• Exercise goal: The full listing, excluding its pictures, should be printed exactly as it stands.

• Data section:
■ ■ ■ ■ ■

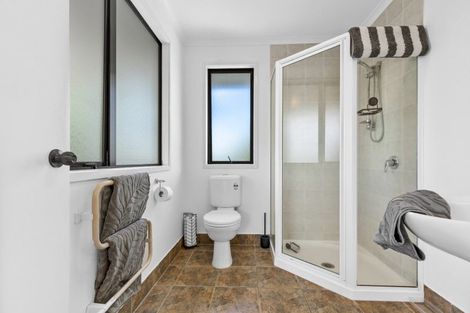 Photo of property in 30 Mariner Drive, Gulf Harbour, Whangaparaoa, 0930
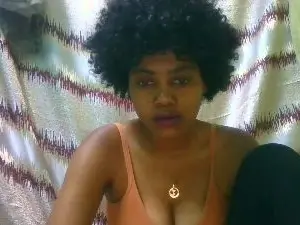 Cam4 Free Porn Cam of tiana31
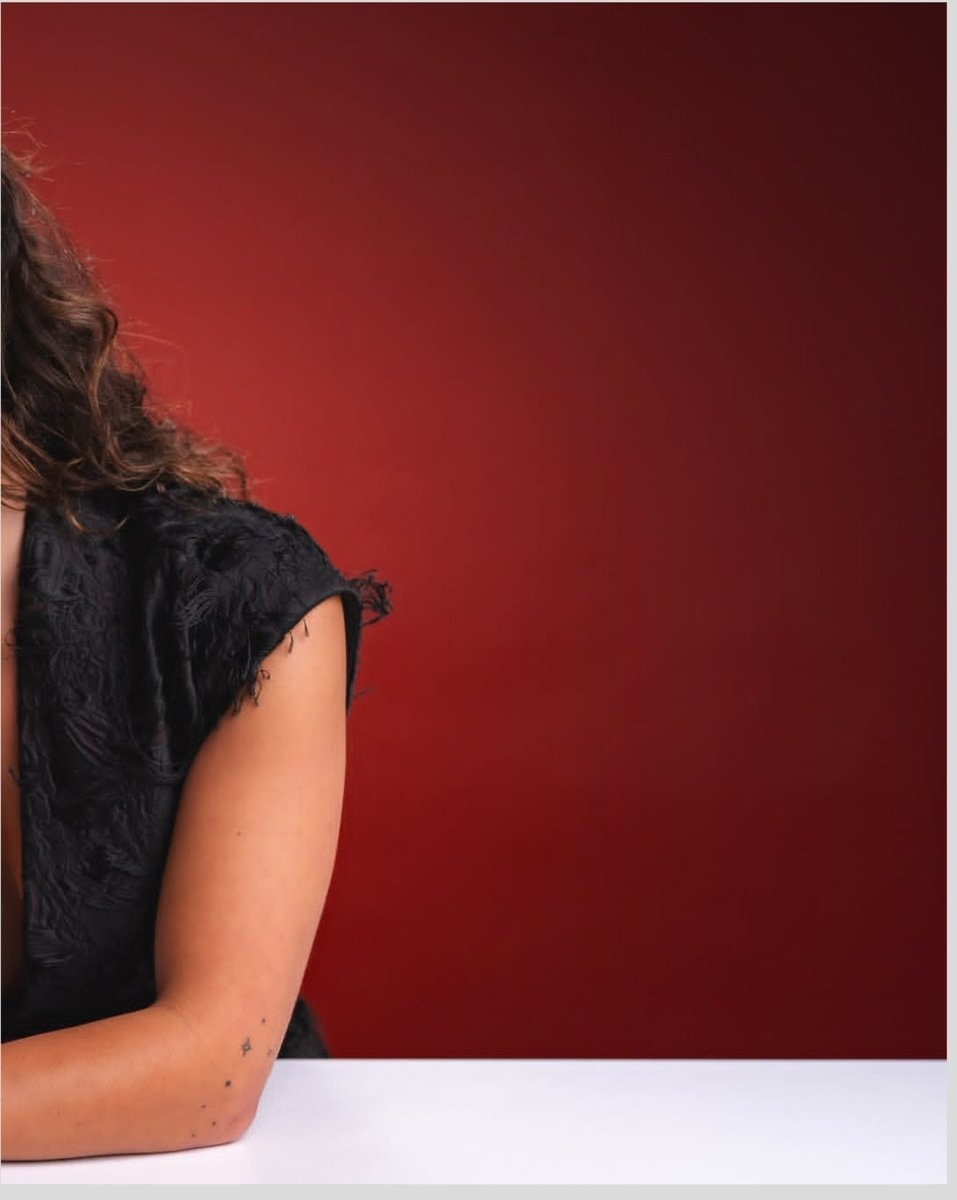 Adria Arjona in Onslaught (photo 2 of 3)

■ ■ ■ ■ ■

• Response below:
 Photo of property in 30 Mariner Drive, Gulf Harbour, Whangaparaoa, 0930
 Cam4 Free Porn Cam of tiana31
 Adria Arjona in Onslaught (photo 2 of 3)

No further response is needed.